Kur'ân-ı Kerîm Ehli Kitab'ın taşkınlıkları tenkid edilirken, hiçbir peygamberin, Allah'ın kendisine vahiy, hikmet ve nübüvvet verdikten sonra kalkıp da insanlara: "Allah'ı bırakıp da bana kul olun" demesinin mümkün olmadığına, bilakis insanları Allah'a halis kullar olmaya davet etmek durumunda olduğuna dikkat çekilmektedir. Bunun da ötesinde bir Peygamberin, sadece Peygamberi değil, melekleri ve diğer enbiyâyı da ilah edinmelerini önermesi olacak şey değildir (Âl-i İmran,79). Zira böyle bir ilahlaştırma açıkça kâfirliktir (Âl-i İmran, 80). Burada 'hiçbir insan' kaydıyla aslında İsa Peygamber'in kastedildiği açıktır. Şu halde "biz Hıristiyanız" diyenlerin yaptığı, kâfirlikten başka bir şey değildir. Öyleyse İsâ (A.S.) Allah'a kuldur, annesi Meryem Allah'a kuldur, diğer peygamberler de Allah'a kuldurlar.
Oysa ki diyor Kur'ân-ı Kerîm, İsa ve annesinden kinaye olarak, "göklerde ve yeryüzünde var olan her şey, Rahmân Allah'ın huzuruna sadece birer kul olarak çıkarlar." (Meryem, 93). Kâfirlerin Allah'a izafe ettikleri melekler, Peygamberler ya da Peygamber annesi gibi insanlar tamamen Allah'ın ilmi ve ihatası altındadır, hepsi de kıyamet gününde O'nun huzuruna teker teker, yalnız başlarına geleceklerdir (Meryem, 94).
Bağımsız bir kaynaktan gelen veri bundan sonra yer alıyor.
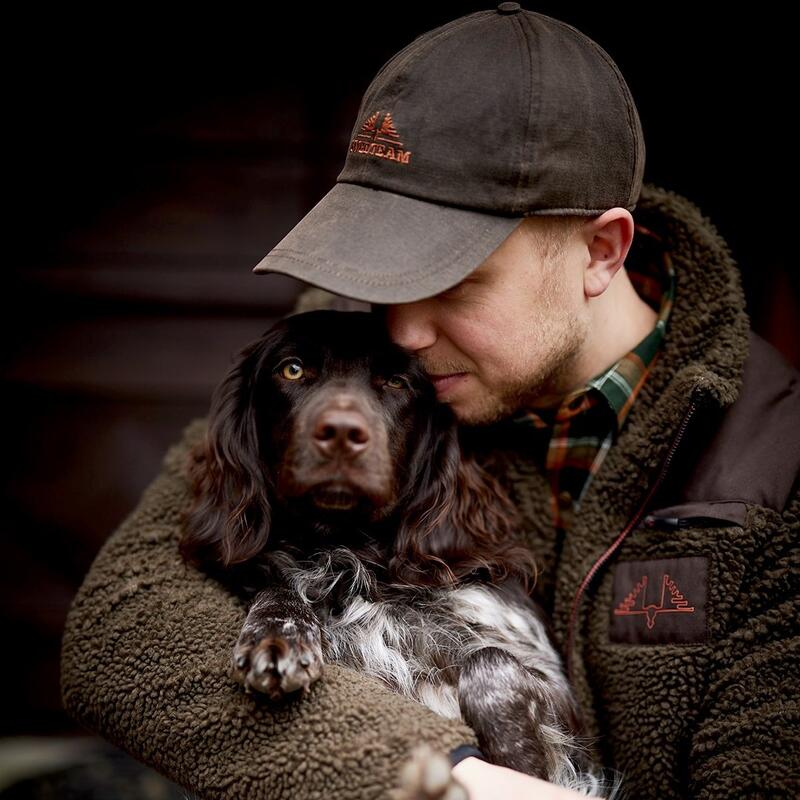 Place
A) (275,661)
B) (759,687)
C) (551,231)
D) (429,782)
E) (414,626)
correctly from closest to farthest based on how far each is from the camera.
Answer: (429,782)
(275,661)
(759,687)
(551,231)
(414,626)

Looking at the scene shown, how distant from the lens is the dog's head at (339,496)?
2.24 metres

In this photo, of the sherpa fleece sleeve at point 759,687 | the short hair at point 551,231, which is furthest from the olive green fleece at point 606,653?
the short hair at point 551,231

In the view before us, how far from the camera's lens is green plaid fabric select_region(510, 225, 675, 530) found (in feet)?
8.09

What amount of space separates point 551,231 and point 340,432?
720 mm

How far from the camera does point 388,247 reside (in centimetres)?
205

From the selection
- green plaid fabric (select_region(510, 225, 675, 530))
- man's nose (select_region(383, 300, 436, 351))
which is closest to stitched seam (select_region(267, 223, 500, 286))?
man's nose (select_region(383, 300, 436, 351))

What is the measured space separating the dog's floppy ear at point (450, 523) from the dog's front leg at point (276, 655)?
44 cm

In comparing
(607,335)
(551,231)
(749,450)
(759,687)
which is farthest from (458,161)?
(759,687)

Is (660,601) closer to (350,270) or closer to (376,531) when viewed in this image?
(376,531)

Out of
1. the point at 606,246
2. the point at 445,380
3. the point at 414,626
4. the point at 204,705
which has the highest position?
the point at 606,246

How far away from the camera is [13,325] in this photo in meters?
3.57

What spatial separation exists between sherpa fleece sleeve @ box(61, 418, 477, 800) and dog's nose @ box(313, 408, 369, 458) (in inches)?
17.6

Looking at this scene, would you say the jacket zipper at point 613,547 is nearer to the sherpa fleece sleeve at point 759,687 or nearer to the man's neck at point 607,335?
the sherpa fleece sleeve at point 759,687

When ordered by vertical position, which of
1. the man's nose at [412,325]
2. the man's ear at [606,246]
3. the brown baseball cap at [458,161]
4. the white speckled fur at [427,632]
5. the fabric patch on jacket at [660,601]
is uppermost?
the brown baseball cap at [458,161] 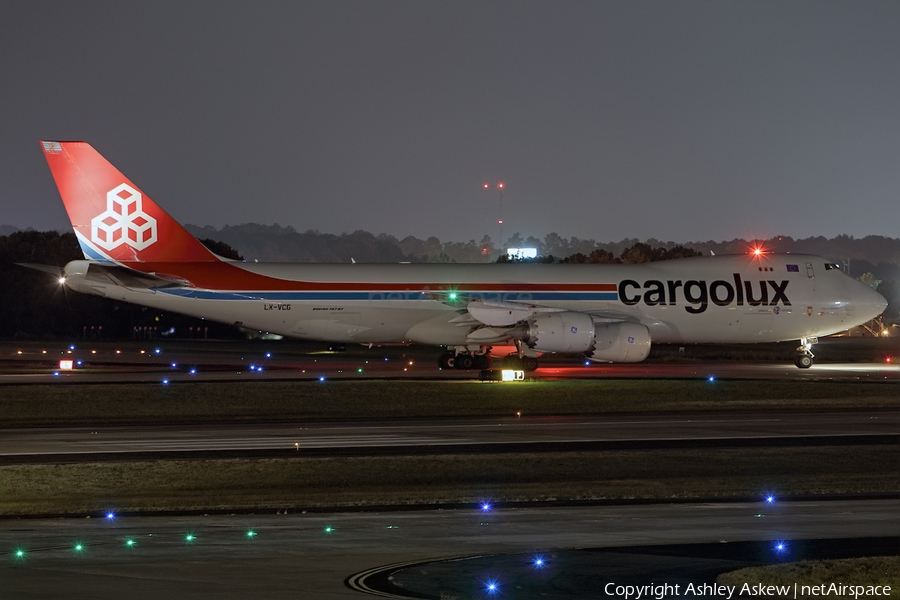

Tam bu noktada, İslam imanının bir cümlecik manifestosu diyebileceğimiz kelime-i şehâdetin yarısının "ben tanıklık ederim ki Muhammed Allah'ın kulu ve Resûlüdür" sözü ne kadar büyük bir anlam kazanmaktadır. Bu akidenin sağlam bir şekilde bizlere kadar intikal etmesini sağlayan Rabbimize sonsuza kadar şükretmemiz için bir sebeptir bu. Evet, Muhammed Allah'ın Resûlüdür, elçisidir, nebisidir ve fakat unutulmamalıdır ki aynı zamanda Allah'ın, O’nu Peygamber seçen Rabbi’nin kuludur. O da yemek yiyen, çarşıda-pazarda gezen, yani tıpkı bizim gibi, tıpkı bütün insanlar gibi aynı bedensel özelliklere, aynı fiziki-biyolojik ihtiyaçlara sahip bir insandır (İsra, 93). O da ebedî değildi, yaşadı ve öldü. O da diğer insanlar gibi, diğer peygamberler gibi, Allah'ın takdir ettiği gün dirilecek ve O da herkes gibi Rabbi’nin huzurunda hesap verecektir (A'raf, 6).Kul olmak, kulun Rabbine karşı daima tezellül içinde olmasını gerektirir. İnsan Rabbine karşı edepli olmalı, haddini aşmamalı, O'nu daima yüceltmeli, O'nu sena etmeli ve O'na kulluk yapmalıdır. İyi bir kul, sadece zor günlerinde değil, aynı zamanda iyi günlerinde, sağlığı yerinde iken, varlıklı ve 'güçlü' olduğu zamanlarda da Rabbine itaat etmeli, O'nun emrinden çıkmamalıdır.”